PROYECTO. La intendencia pretende construir un edificio con una altura "similar a la del BPS", dijo Polakof, con la idea de que se instalen allí principalmente oficinas. En la parte baja, se colocarán unos 220 locales comerciales y se construirá un gran estacionamiento subterráneo, con lo cual se pretende descomprimir el tránsito en la zona, generado por la gran cantidad de instituciones que allí coexisten.
"Se va a estar trabajando en un predio de unos 4.000 metros cuadrados y se dejaría un espacio libre de unos 3.200 metros cuadrados para una plaza y espacios públicos", informó Polakof.
"Queremos dar condiciones más dignas a la labor de los comerciantes instalados en el espacio público a través de un lugar proyectado para ese fin", añadió el jerarca municipal.
En cuanto al estacionamiento, sería la segunda obra de estas características que asumiría la ciudad de Montevideo en muy poco tiempo.
El Proyecto Reconquista, cuya licitación se encuentra abierta, prevé la construcción de un estacionamiento subterráneo con capacidad para 250 vehículos livianos en la zona de Plaza España, en el límite de la Ciudad Vieja con la "Ciudad Nueva".
RAMBLA DE BUCEO. En el caso de la zona costera del Buceo, los proyectos serán para la instalación de instituciones recreativas, comerciales, gastronómicas y culturales. Entre otras cosas, la comuna pretende derribar el viejo parador Kibón (ver nota aparte). "La reforma del puertito del Buceo quedará para una segunda etapa. En eso está trabajando el Ministerio de Transporte y Obras Públicas", concluyó Polakof.
El histórico "Kibón" con los días contados
Uno de los locales emblemáticos de la rambla que desaparecerá será el parador Kibón, con cuyo concesionario la comuna mantiene un juicio de desalojo.

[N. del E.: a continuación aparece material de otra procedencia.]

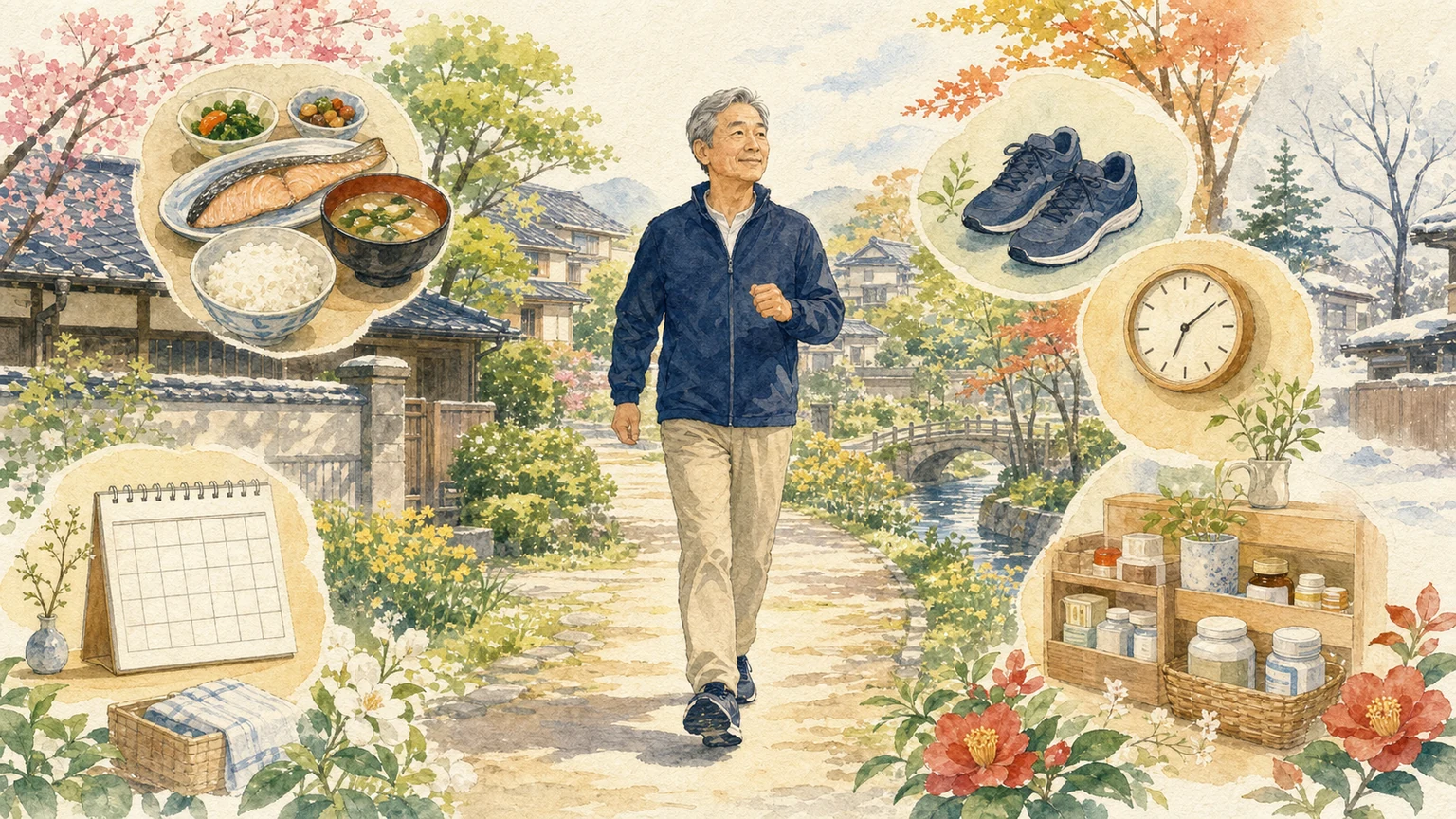 長生きする人に共通する性格を解説する画像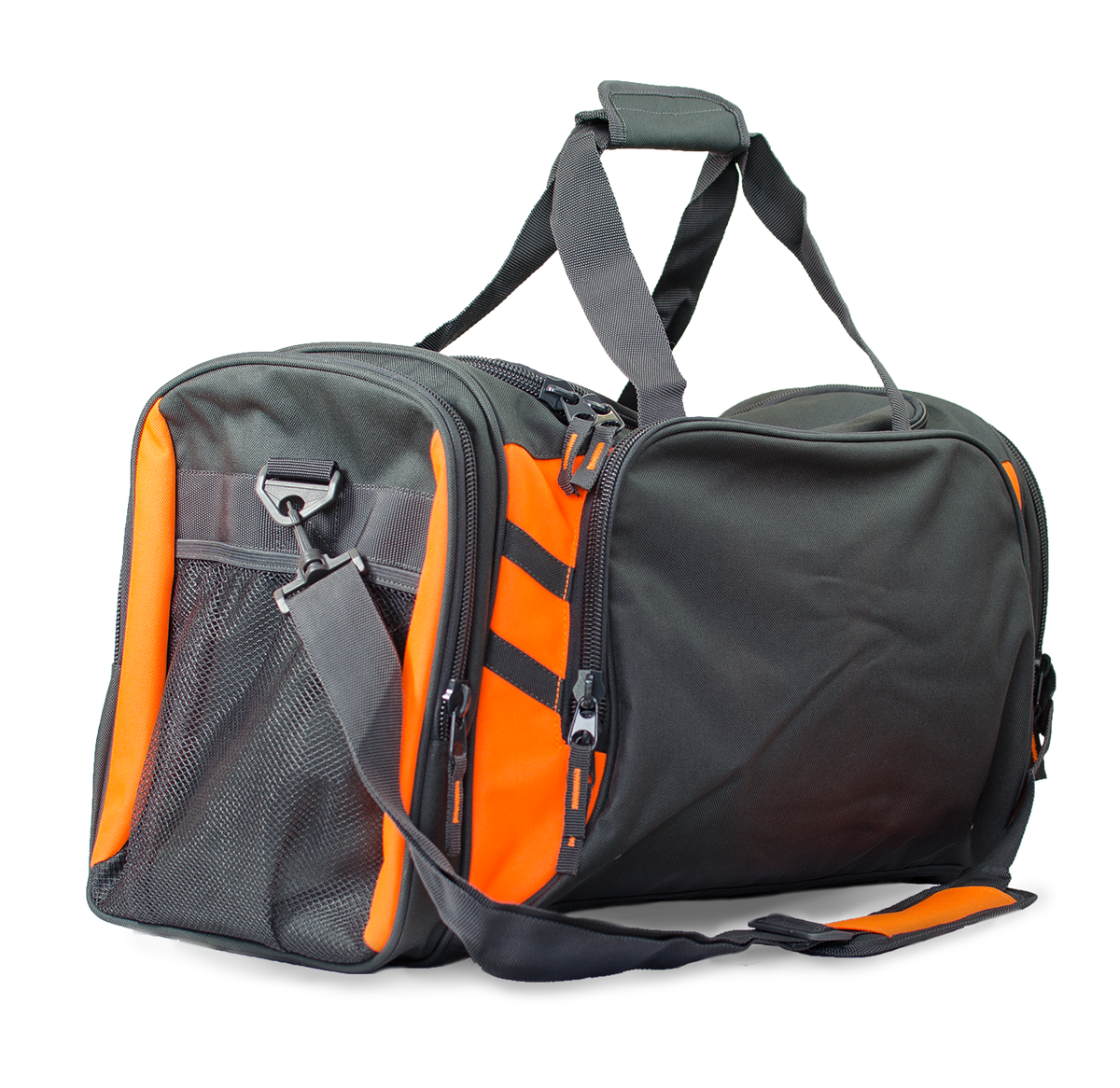 Aussie Pacific Tasman Sports Bag 4001 - Slate/Neon Orange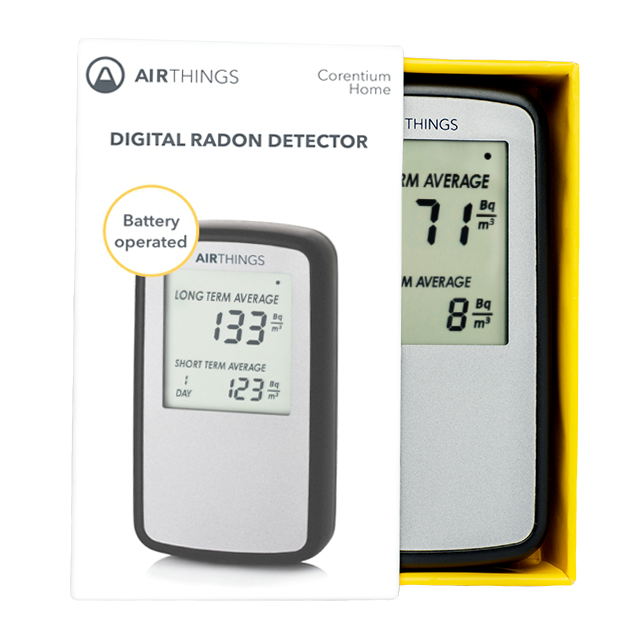 Airthings Corentium Home Radon Gas Detector
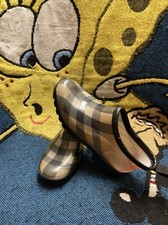 Burberry Size 35-3 Women's Nova Check Ankle Rain Boots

En febrero de este año, la Intendencia intimó al concesionario a entregar la llave en el plazo de 30 días por falta de pago. Entonces, la resolución encomendaba el inicio de "acciones judiciales correspondientes de desalojo de ocupante precario y cobro de pesos (adeudados)", para el caso que no entregara el inmueble a la administración. Según la resolución, existían sumas pendientes de cobro relativas al contrato firmado el 14 de octubre de 1998.
En octubre de 2005 se autorizó una prórroga en la concesión, estableciéndose que el permiso tenía carácter de precario y revocable, en tanto se hacía el nuevo llamado a licitación pública para la explotación hasta el 31 de enero de 2006.
Polakof advirtió que si el actual concesionario lo desea, "puede participar de la licitación".